Hamileliğimin bir ayındaydım, mide bulantılarım fazlasıyla oluyordu. Ama beni kıran şey Henry'nin hala da evlilik teklif etmemesiydi. Neyi bekliyordu ki. Artık bazen evlenmek istemiyor diye düşünüyordum. Bu da beni sinir ediyor, ona karşı sert oluyordum. Her defa yaklaşmak istedikte de istemiyorum diyip geri çeviriyordum. Ama kırılıyordum işte. Yine de benimle iyi davranıyor, yemeklerimi yemeyi, ilaclarımı kullanmayı o bana hatırlatıyordu. Artık hamileliğe dair bazı kitapları bile okumuştu. Bir ayımın tamam olmasında fotoğrafımı çekip paylaşmıştı. Her ayımda bunu yapacağını söylüyordu. Jeny'de doğum yapmış bir tane kızı olmuştu. Onlara gittiğimizde benim de hamile olma haberimi vermiştik, tüm aile mutlu olmuştu.

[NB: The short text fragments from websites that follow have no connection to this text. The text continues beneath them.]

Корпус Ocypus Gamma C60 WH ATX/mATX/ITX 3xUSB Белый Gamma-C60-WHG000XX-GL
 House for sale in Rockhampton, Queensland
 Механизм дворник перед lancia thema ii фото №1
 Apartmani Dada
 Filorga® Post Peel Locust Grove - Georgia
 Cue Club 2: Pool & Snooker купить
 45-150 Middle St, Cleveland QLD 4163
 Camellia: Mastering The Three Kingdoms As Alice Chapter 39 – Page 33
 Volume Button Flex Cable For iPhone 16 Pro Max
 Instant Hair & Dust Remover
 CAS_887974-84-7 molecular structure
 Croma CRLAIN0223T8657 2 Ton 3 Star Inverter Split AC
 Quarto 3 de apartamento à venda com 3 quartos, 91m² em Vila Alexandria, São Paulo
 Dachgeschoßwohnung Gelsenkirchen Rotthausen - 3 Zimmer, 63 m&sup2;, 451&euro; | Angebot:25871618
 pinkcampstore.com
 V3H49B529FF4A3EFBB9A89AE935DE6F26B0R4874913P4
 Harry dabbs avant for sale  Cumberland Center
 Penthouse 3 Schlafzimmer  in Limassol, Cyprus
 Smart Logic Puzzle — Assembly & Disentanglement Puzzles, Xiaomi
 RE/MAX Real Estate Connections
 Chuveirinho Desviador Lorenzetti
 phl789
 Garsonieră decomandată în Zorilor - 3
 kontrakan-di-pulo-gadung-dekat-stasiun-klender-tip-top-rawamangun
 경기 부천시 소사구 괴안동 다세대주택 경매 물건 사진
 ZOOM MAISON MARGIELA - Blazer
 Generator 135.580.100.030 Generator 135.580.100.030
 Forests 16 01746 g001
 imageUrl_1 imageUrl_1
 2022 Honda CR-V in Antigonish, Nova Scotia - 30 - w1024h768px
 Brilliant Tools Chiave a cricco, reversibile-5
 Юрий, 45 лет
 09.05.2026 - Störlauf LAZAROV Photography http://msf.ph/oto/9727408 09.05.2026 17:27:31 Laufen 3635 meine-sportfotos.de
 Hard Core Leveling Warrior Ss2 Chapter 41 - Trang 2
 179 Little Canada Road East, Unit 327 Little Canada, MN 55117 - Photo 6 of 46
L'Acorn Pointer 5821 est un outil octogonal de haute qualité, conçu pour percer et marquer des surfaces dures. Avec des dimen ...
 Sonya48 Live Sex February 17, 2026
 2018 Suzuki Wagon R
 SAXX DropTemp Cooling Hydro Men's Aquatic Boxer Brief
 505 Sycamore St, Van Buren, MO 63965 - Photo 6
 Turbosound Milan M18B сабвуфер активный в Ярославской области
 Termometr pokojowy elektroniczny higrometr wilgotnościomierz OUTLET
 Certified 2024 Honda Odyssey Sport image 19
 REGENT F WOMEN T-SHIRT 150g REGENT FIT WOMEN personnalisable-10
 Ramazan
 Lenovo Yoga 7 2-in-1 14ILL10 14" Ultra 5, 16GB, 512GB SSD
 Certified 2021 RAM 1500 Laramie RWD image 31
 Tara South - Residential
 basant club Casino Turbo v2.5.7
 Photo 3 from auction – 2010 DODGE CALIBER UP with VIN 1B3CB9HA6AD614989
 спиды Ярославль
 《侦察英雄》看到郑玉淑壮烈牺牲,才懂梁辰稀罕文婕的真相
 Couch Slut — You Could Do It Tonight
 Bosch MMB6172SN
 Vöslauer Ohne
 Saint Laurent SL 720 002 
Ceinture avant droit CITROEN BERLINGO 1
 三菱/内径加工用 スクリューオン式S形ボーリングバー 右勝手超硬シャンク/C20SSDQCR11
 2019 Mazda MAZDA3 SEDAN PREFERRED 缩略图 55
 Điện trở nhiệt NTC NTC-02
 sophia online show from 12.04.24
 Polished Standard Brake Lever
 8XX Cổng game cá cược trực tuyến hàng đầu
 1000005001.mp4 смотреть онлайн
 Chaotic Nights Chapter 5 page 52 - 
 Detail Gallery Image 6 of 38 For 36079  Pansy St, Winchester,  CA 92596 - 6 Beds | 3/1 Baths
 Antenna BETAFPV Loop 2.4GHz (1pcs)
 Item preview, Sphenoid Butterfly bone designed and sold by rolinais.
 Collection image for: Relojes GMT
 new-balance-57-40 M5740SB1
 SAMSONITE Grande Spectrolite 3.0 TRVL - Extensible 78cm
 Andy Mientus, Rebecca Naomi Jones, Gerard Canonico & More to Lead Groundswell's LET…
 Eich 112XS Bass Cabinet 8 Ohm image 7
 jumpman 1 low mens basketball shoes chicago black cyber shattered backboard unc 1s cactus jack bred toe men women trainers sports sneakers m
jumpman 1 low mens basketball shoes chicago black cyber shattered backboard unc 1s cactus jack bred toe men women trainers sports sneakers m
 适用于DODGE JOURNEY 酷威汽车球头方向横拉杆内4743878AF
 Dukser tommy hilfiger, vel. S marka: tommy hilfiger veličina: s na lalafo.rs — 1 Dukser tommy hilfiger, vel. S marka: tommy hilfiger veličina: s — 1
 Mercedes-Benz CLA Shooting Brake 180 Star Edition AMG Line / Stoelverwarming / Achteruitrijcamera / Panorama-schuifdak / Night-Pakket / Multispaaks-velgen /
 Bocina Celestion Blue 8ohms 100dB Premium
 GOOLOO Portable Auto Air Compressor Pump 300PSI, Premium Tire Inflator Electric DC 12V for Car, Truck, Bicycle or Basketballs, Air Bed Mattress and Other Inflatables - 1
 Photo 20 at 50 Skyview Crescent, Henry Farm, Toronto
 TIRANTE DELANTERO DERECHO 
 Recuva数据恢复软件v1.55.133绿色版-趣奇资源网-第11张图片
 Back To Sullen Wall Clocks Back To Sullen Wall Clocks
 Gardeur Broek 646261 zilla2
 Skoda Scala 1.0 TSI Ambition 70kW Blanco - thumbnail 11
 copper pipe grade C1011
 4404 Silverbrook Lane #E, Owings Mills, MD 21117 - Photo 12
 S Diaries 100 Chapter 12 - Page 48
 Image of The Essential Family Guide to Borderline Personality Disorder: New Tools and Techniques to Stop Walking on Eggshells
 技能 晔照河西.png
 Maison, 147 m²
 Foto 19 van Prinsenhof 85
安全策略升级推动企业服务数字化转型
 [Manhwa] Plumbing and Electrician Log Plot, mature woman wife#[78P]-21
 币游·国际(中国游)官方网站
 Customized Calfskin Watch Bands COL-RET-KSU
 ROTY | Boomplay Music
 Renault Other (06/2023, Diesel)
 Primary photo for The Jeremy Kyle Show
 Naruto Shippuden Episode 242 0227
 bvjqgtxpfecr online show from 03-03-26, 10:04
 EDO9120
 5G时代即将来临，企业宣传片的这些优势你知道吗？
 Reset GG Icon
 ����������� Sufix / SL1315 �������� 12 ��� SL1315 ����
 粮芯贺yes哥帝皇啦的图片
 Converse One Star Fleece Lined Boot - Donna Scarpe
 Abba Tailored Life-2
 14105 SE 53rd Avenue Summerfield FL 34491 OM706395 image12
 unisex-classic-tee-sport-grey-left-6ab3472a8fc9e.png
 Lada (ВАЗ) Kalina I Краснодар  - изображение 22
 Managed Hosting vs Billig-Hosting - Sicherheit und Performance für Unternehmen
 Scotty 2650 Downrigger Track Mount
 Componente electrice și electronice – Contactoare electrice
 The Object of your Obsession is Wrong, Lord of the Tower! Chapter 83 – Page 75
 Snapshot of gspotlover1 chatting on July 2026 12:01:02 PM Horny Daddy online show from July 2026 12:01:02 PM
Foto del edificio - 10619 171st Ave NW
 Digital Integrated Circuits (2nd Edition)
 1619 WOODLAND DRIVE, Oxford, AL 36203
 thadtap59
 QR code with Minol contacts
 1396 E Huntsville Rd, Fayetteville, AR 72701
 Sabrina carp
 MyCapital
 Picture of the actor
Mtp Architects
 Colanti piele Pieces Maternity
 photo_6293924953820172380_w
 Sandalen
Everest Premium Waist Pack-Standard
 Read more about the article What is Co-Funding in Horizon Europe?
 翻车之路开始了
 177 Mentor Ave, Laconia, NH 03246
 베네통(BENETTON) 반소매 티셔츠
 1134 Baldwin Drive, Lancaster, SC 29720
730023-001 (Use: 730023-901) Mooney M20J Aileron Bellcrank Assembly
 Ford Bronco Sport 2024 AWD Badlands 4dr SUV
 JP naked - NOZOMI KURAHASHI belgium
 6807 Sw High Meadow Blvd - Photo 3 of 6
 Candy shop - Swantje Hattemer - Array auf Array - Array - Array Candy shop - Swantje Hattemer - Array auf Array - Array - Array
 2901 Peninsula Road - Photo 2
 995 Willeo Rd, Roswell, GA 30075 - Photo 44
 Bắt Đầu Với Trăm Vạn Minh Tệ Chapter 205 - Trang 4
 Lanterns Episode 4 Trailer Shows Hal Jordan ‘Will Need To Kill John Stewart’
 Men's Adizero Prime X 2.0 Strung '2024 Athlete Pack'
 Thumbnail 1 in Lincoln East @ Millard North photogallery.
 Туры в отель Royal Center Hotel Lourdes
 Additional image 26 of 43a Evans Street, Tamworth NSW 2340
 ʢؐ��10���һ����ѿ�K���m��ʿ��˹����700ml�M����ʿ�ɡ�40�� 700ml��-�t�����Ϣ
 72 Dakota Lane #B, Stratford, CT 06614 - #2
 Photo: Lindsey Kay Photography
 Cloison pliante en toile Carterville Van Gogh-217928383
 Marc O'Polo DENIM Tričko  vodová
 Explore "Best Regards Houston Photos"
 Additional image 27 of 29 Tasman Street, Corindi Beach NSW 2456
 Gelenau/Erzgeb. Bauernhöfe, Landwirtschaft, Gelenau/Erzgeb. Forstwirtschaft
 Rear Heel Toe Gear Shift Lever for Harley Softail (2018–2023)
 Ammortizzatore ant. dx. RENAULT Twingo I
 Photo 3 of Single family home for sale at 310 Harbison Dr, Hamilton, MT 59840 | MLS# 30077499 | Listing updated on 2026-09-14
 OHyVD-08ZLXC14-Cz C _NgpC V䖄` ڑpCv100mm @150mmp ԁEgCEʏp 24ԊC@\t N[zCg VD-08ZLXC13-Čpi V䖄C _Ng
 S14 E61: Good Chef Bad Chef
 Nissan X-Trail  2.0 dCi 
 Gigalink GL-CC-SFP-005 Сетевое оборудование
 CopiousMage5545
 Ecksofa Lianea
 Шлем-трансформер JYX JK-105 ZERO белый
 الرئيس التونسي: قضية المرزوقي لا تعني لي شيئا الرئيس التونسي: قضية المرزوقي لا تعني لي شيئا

Dersten eve geldiğimde biraz uyumak istiyordum. Henry evde değildi, şu sıralarda gelen bir teklifi kabul etmemişti. Sorduğumda doğuma kadar hiç bir teklifi kabul etmeyeceğini bildirdi. Bu mutlu ediyordu beni. Ama hala bir evde yaşayan, hatta anne baba olan başka insanlardık.
Saat 12ye geldiğinde Henry'nin geldiğini duydum. Bu kadar zamana kadar neredeydi, ne yapıyordu merak etsem de ona kırgın olduğum için çokta konuşmuyordum. Yatağa girip sıkıca sarıldı. Tabiki kendimi rahatsız hiss ettim. Düşüncelerim fazlasıyla ağırlık yapıyor ve ona her saniye daha çok kırılıyordum. Ama kalkıp da evlenelim diyemezdim.